Over time, Sasan’s focus has shifted from identity toward broader social structures. “There has been too much obsession with identity,” he notes. His attention turns instead to the ways connections between people are formed and how they function. In Murmuration: A Social Mechanism (2023), he explores collective movement. Referencing the coordinated flight of birds without a leader, the work raises the question of whether such a model is possible within human societies. Elements placed on a platform collide, latch onto one another, and gradually form a shared rhythm.

This line of inquiry continues in the Death Rituals series (2023-24), where the artist considers how society constructs memory of the past. In Cemetery: Descry the honour (2023) and Wiggles: A conversation between the dead! (2024) and, the viewer is again drawn into interaction: touch activates sound, movement, and light. The focus shifts toward the living, those who assign meaning to the past and speak on behalf of those who can no longer respond.

Powerscape: “An Animal Within Us”, “The Monolith” by Sasan Sahafi

In the Powerscape series (2025), Sasan approaches power not as a fixed hierarchy but as a dynamic relation. In one work, an “animal” appears, a suspended form that breathes and pulses, suggesting an inner force resistant to full control (An Animal Within Us). In The Monolith, touch triggers light and sound, prompting an almost ritualistic response. In another model, resembling a pyramid of black-and-white spheres, movement disrupts the apex while the base remains stable, challenging assumptions about where power resides.

“Portals: Tension” by Sasan Sahafi. Photo: Valya Korabelnikova

From here emerges the question of freedom. Following Isaiah Berlin’s distinction between “freedom from” and “freedom to,” Sasan explores the relationship between external and internal freedom. Liberation and freedom are two different notions. In Portals: Tension (2021), he addresses how individuals become enclosed within systems where constraint is externally imposed. On screen, a black dot moves within a confined space, never crossing its boundaries and drawn to the centre by society. These forms evoke persistent associations, an eye, a womb, or a chicken egg. “Why do we immediately think of a chicken egg?” Sasan asks. Most eggs in nature are not chicken eggs and have different shapes, yet we see what we are accustomed to. In this automatism, he identifies a misunderstanding of the notion of freedom, a dependence on inherited images and patterns of thought.
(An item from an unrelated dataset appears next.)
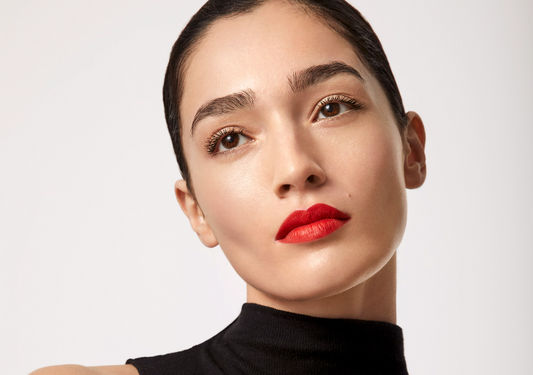 El maquillaje de invitada: natural, sofisticado y duradero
“The Last Passenger” by Sasan Sahafi. Photo: Valya Korabelnikova

This idea develops further in The Last Passenger (2025). If in Tension constraint is external, here it becomes internal. A cone shaped artwork moves across the floor without a fixed direction, emitting light signals reminiscent of Morse code, yet remaining unread. The signal finds no response. “He is trapped in his own head,” Sasan explains. Even in an open space, movement remains limited, though not chained by society The Last Passenger is not free. Liberation is not enough for freedom.

The artist notes that he himself is engaged in an ongoing search to find the meaning of freedom, and that working with kinetic sculptures is, for him, a way of freeing himself from imposed assumptions and constraints. Sasan Sahafi’s practice resists a single definition, existing between the making of kinetic sculptures, research, and philosophy. His works invite dialogue, offering viewers a way to see the familiar anew.